◆ Task item ◆
Return only that part of the material below which starts with the line containing "17P Summer Lynn" and goes on through the line containing "Hotel O Lotus Residency Daman Kültér fotó", restated exactly.

*** Opening Records shown ***

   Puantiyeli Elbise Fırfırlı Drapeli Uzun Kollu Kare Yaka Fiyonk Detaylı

*** Closing Records shown ***
*** Opening Records shown ***

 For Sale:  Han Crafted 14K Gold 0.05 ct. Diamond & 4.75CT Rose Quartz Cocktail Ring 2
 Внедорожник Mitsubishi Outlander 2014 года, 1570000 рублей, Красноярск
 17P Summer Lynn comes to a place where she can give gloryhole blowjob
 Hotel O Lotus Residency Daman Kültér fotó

*** Closing Records shown ***

◆ Written response ◆
 17P Summer Lynn comes to a place where she can give gloryhole blowjob
 Hotel O Lotus Residency Daman Kültér fotó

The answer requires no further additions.